Это, прежде всего, относится к государству. В каждом поколении с психологической необходимостью возникает по отношению к государству вопрос: зачем вообще государство с его принудительной властью? Почему индивид должен мириться с подавлением его воли другой волей, почему и в каких пределах он обязан приносить жертвы в интересах целого? Ответы на эти вопросы должны объяснить индивиду, почему он обязан признавать государство. Они стоят на почве не существующего, а должного; они имеют не теоретический, а практический характер[188 - В литературе вопроса это нередко не вполне ясно сознавалось, так что проблема обоснования государства смешивалась с вопросом о его историческом возникновении. Очевидно и сознательно смешивает их, напр., Stahl, III
, стр. 169 слл. Еще Mohl, Encyklop?die, стр. 90 слл., и Bluntschli, Das Recht des modernen Staates I, стр. 298 сл., объединяют исторические и спекулятивные теории возникновения государства как координированные члены единого целого и не всегда достаточно строго различают обе категории. Значение вопроса во всей его полноте, в связи с учением о государственном договоре, впервые выяснил I. G. Fichte, Beitr?ge zur Berichtigung der Urteile ?ber die franz?sische Revolution. S?mmtliche Werke I, стр. 80 слл. На правильную точку зрения стали также впоследствии v. E?tv?s, Der Einfluss der herzschenden Ideen des 19 Jahrhunderts auf den Staat, II, 1854, стр. 58 слл. и Н. Schulze, Einleitung, стр. 139.]. Они образуют поэтому основу политического изучения государства, так как они преследуют ясную цель – защиты или изменения существующего государственного порядка. Ими указывается один из тех пунктов, где учение о государстве нуждается, для своего завершения, в пополнении его политическими исследованиями, – в противном случае результаты его теряют под собой прочную почву. Это явно подтверждает великая духовная борьба, разделяющая современное общество. Социализм и анархизм подвергают вообще сомнению право государства на существование, утверждая, что возможно общество и без государства. Выяснение того, что государство есть учреждение необходимое и потому долженствующее быть признаваемым, дает возможность глубже понять саму природу государства, непостижимую до тех пор, пока не отвергнуто предположение, будто оно представляет только эпизод, патологическое явление в истории развития человечества.

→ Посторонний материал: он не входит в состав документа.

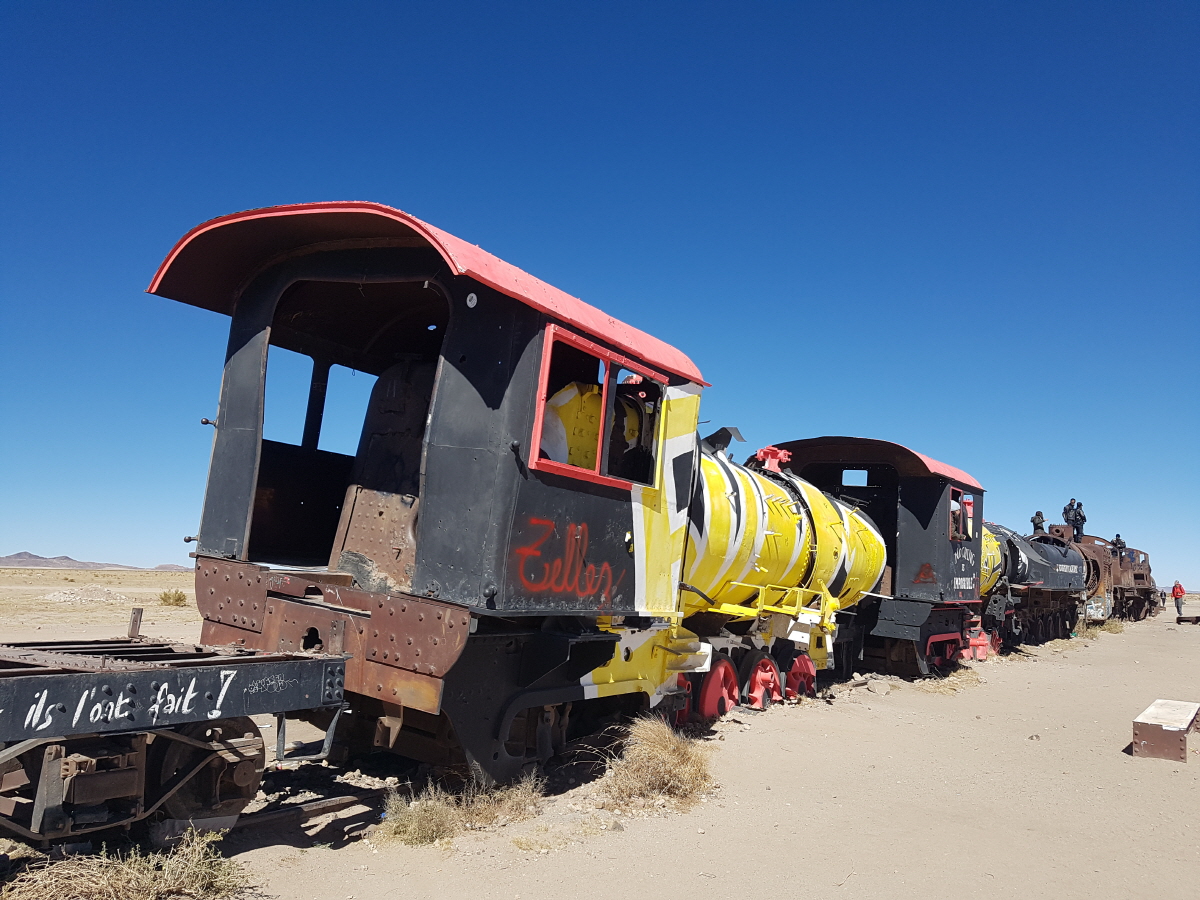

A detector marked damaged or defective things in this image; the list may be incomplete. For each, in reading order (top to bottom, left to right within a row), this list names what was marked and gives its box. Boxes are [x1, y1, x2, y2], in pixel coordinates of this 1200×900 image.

broken window frame [532, 324, 664, 488]
weathered rust [193, 556, 468, 716]
rusty metal panel [1128, 700, 1192, 764]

Ответ на поставленные здесь вопросы возможен с двоякой точки зрения. Можно рассматривать государство как историческое явление, проявляющееся в разнообразных формах, но несмотря на то всегда отправляющее определенные типичные функции, или же его можно конструировать как звено в цепи трансцендентных элементов, являющихся истинной метафизической сущностью мира явлений. Под влиянием спекулятивной философии до второй половины истекшего столетия господствовала вторая из указанных точек зрения. С падением господства этой философии положительная наука отказывается вообще от разрешения проблемы об обосновании государства, в убеждении, что эта проблема имеет необходимо спекулятивный характер[189 - По общему правилу, подлежащие здесь нашему рассмотрению учения относились к идеальному государству, а вопрос об историческом возникновении – к эмпирическому. Так, прежде всего Hedel н. с. § 258; далее, Н. A. Zachariae, I, стр. 57; Н. Schulze, Einleitung, стр. 139 Trendelenburg, стр. 344 слл.; Lasson, стр. 293 слл., и др.]. Государственно-правовые системы последних тридцати лет не упоминают о ней вовсе, так как вполне достаточным оправданием государства является с их точки зрения сам исторический факт его существования. Лишь критика социалистов и анархистов вновь обратила внимание современной науки на высокую важность этой проблемы.